How To Build A Deck: Let’s Get This Party Started

What party? The decking party, that’s what. Never been to a party where people put decking down? Then you have not lived, my friend. But come to think of it, my party didn’t have any guests so maybe I’m the one who should reconsider my definition. Anyways – let’s talk deck boards, since I gave you this sneak peek of my progress last week:

As you may be able to tell from that photo, we bit the bullet and went for the “zippered” seam pattern that we saw at our local art museum.

But before we talk about planning for that, we actually had two commonly asked questions on our last post, which were:

  1. What made you guys chose to go with exposed screws instead of hidden ones?
  2. Is it ok to lay decking boards that close?

So without further ado, those answers for ya:

  1. Sherry and I both grew up with decks with traditional exposed screws and they were beautiful and held up for decades, so we’ve decided to keep it classic and just line up all of our screws like the zippered seam deck that we included above as our inspiration (it’s hard to see, but in person the screws are visible, they’re just all very clean and nicely lined up instead of randomly drilled in). Not only was this choice something that we thought would be easiest, we also thought it would be the most functional (we can easily tighten any screws that might get loose over time since they’re so simple to access from above).
  2. And as for the board spacing, since we’re using pressure treated wood the local engineers/designers said can be placed pretty close (pressure treated wood is known to contract over time). So there are no worries about things being laid too close (and it’ll all shrink up over time – so we’ll end up with gaps for water drainage and leaves to fall through, etc).

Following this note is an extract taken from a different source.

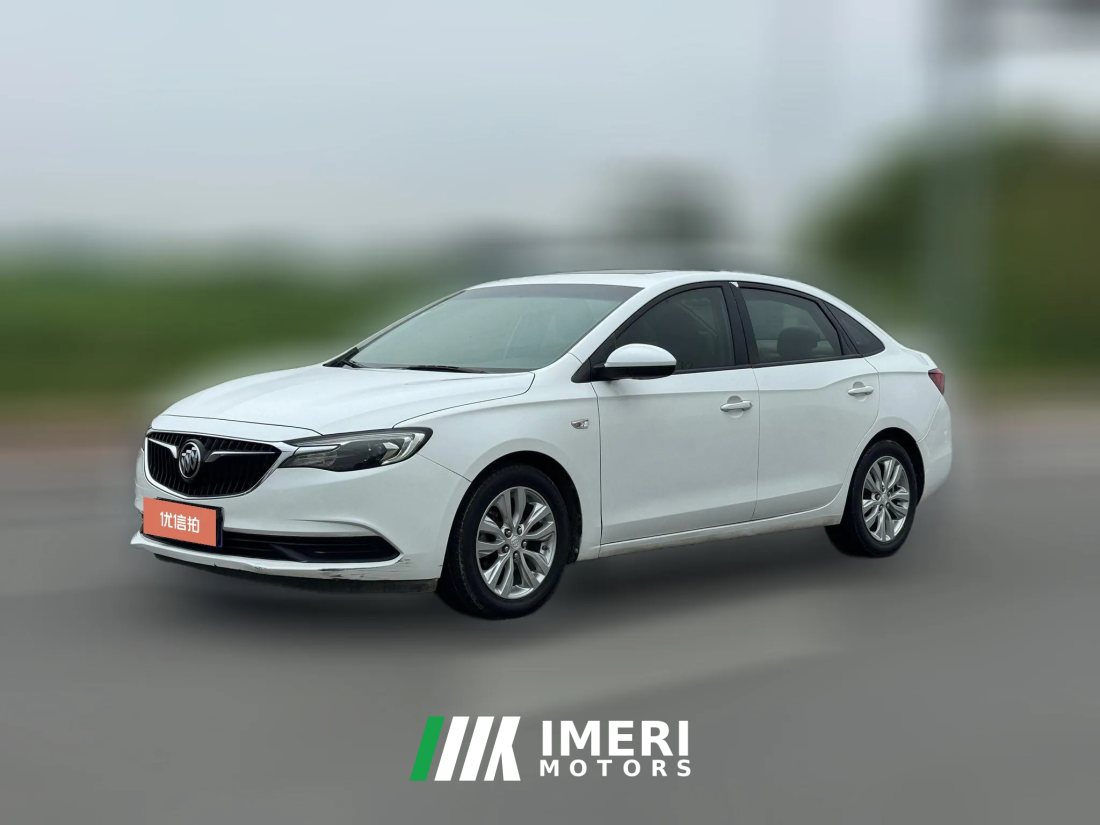 2019 Buick Excelle GT Sedan 2019 1.0T AT 15TConnectedElite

But even before laying our zippered seam, first we had to plan for another feature of our deck design  – the “picture frame” border. That’s when you basically add a, well, frame around the outside of your deck with boards that run parallel to the edges (meeting at mitered corners) and then fill in the interior with the rest of of your pattern. Since most of our decking would run the long way (parallel to the brick siding), this meant adding some boards at either end that ran parallel to the sliding door. We figured it was one of those touches that would make it look a bit more polished. But it did take some extra planning since I needed to make sure all of our boards still screwed securely to the joists below.

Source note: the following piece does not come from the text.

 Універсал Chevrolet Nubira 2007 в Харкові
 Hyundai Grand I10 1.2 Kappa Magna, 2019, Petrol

To make sure all of my boards ended on a joist, I actually had to add an additional joist here since my “frame” board rested across the entire first joist, leaving the deck board hanging out to dry (it’s one of those code things to attend to to ensure things are really secure for the long haul).

You can see I also added a small block of spare 2 x 8 between the two joist so the frame board had another place to rest on / screw into.

You can see better here how the picture frame is starting to shape up. I actually only did these two sides to start with (rather than the entire frame) since I figured I’d work my way out from here.

But before I could start adding more deck boards I had to actually add two joists to help me achieve the zippered pattern. We wanted the boards to be staggered about 5 inches at the seam, which didn’t jive with my current standard-joist set up (which were 16″ apart).

But no biggie here either. I just added two additional joists (one shown below and another at the end of these boards) and I was ready to go. I could’ve added these when doing the rest of the joists, but Sherry and I wanted to wait until this step to decide exactly where on the deck we wanted the zippered seams to be (because of the length of the deck we’ll have two of them). We chose the spot that we did because it’ll help define the area where our outdoor dining table will eventually go (it will be centered between the seams so they’ll be visible on either side of the table like in this rendering).

So with all of my extra support added, I could finally start cutting boards, laying them in place and screwing them in. Ha. Lay. Loo. Yah.

You may notice that we’re using pressure-treated 2 x 6″ boards for a decking instead of the 5/4″ stuff. This wasn’t really a conscious decision – it was just what 84 Lumber suggested when they gave us the quote. But I’m glad we went with it because in the long run it should help the deck feel more solid and warp less.

Here’s the first section of the deck nearly all laid in place with the zippered seam on one edge. At this point I had only screwed in the ends but planned to go back later and put the rest of the screws in (I’m putting in two screws everywhere a deck board meets a joist). I had already read in our county that all deck boards must span at least four joists, which is exactly what these do. Whew.

When it came to the last board I got sort of lucky. I wasn’t sure if I was going to be left with a sliver of a space to fill – giving me both an awkward look and the challenge of filling it (had it been less than 2 inches I probably would’ve just substituted one 2 x 6 for a 2 x 8). But luckily my 2 x 6s fit almost perfectly as-is. I did have to shave about a 1/4″ off the edge of the frame board. But since that edge is hidden under the siding it didn’t really matter how clean or perfect my cut was. And yes, our siding still needs some sanding / caulking / power washing / repainting. Haha. It’s on the list!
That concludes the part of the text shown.